To generate human p21(Dog 117–136) mutant, a first PCR was performed using human p21 as a template with upstream primer P1, 5′ ATC CAA GCT TGC CGC CTG TAC CCA TAC GAT GTT CCA GAT TAC GCT TCA GAA CCG GCT GGG GAT G 3′ and downstream primer P2, 5′ CCG CTC AGG GGA GTG AGG CAG GAG GGT GCA AGA CAG TGA CAG GTC CAC ATG GTC 3′. Next, a second PCR was performed using dog p21 as template with upstream primer P3, 5′ TGC ACC CTC CTG CCT CAC TCC CCT GAG CGG GCT GAA GGG TCC CCA GGT GG 3′, and downstream primer P4, 5′ATC CGA ATT CAG ATT AGG GCT TCC TCT TGG AG 3′. The products from these two PCRs were mixed and used as a template for a third PCR using primers P1 and P4. The resulting PCR product was then sequenced and cloned into pcDNA3 through HindIII and EcoRI.
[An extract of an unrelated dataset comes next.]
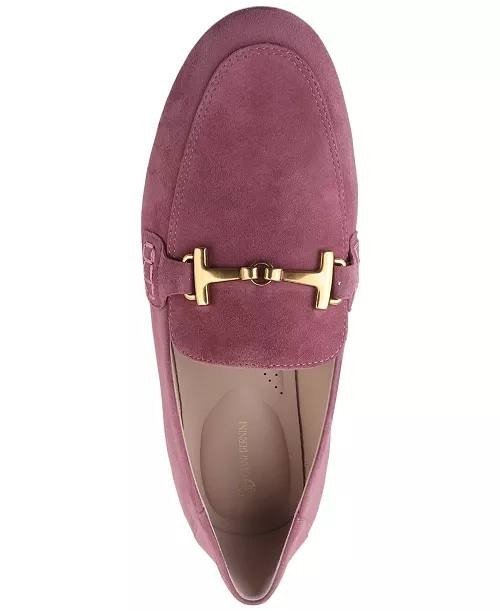 Giani Bernini Tailored Loafers 9.5M Mauve Suede New in Box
To generate pcDNA4-HA-dog p21, pcDNA4-HA-dog p21(S123A), and pcDNA4-HA-dog p21(S123D), a cDNA fragment containing HA-tagged wild-type dog p21, dog p21(S123A), and dog p21(S123D) was digested from pcDNA3-HA-dog p21, pcDNA3-HA-dog p21(S123A), and pcDNA3-HA-dog p21(S123D), respectively, and then inserted into pcDNA4 vector through HindIII and EcoRI.

Western Blot Analysis

Western blot analysis was performed as described previously (35). Briefly, cells were washed and collected from plates in PBS solution, resuspended with 2× SDS sample buffer, and boiled for 5 min. Proteins were then resolved in an 8–12% SDS-polyacrylamide gel and transferred to a nitrocellulose membrane, followed by ECL detection. The level of protein was quantified using Labworks software (UVP, Upland, CA).

RESULTS

Phosphorylation Is Responsible for Expression of Two p21 Isoforms in Dog

Previously, we cloned the gene encoding dog p21, which contains 164 amino acids and shares 82% amino acid identity to that of human p21[32]. Interestingly, unlike the human p21, the dog p21 is expressed as two isoforms, one 23-kDa isoform and one 19-kDa isoform (Fig. 1A, compare lane 1 with lanes 4 and 7, respectively) (32). In addition, upon treatment with a DNA-damaging agent, these dog p21 isoforms were elevated in MDCK and D17 cells, both of which carry wild-type p53 (Fig. 1A, compare lanes 4 and 7 with lanes 5–6 and 8–9, respectively). We would like to mention that MDCK is an immortalized but untransformed dog kidney cell line whereas D17 is a dog osteosarcoma cell line. Next, to determine the underlying mechanism by which dog p21 is expressed as two isoforms, 5′ and 3′ rapid amplification of cDNA ends were performed to identify the splicing variants of dog p21. We found that only one dog p21 mRNA was detectable (data not shown), suggesting that expression of two dog p21 isoforms is not due to alternative splicing. These results let us speculate that other mechanisms, such as protein phosphorylation, may contribute to expression of two dog p21 isoforms. In this regard, λ protein phosphatase was used to treat MDCK cell lysates, followed by Western blot analysis. Interestingly, we showed that the level of the slow migrating dog p21 was diminished upon treatment with λ protein phosphatase regardless of DNA-damaging agent treatment, suggesting that the upper band is a phosphorylated isoform of dog p21 (Fig. 1B, compare lanes 1, 3, and 5 with 2, 4, and 6, respectively). Together, these data suggest that phosphorylation is responsible for expression of two p21 isoforms in dog.

FIGURE 1.

FIGURE 1.

Phosphorylation is responsible for expression of two p21 isoforms in dog. A, dog p21 is expressed as two isoforms. MCF7, MDCK, and D17 cells were mock-treated or treated with camptothecin or doxorubincin for 12 h, and the level of p21, actin, and GAPDH was determined by Western blot analysis. B, the high molecular mass dog p21 band is diminished upon λ phosphatase treatment. MDCK cells were mock-treated or treated with camptothecin or doxorubicin for 12 h. The cell lysates were then treated with or without λ phosphatase (300 units) for 30 min, followed by Western blot analysis to determine the level of p21, actin, and GAPDH.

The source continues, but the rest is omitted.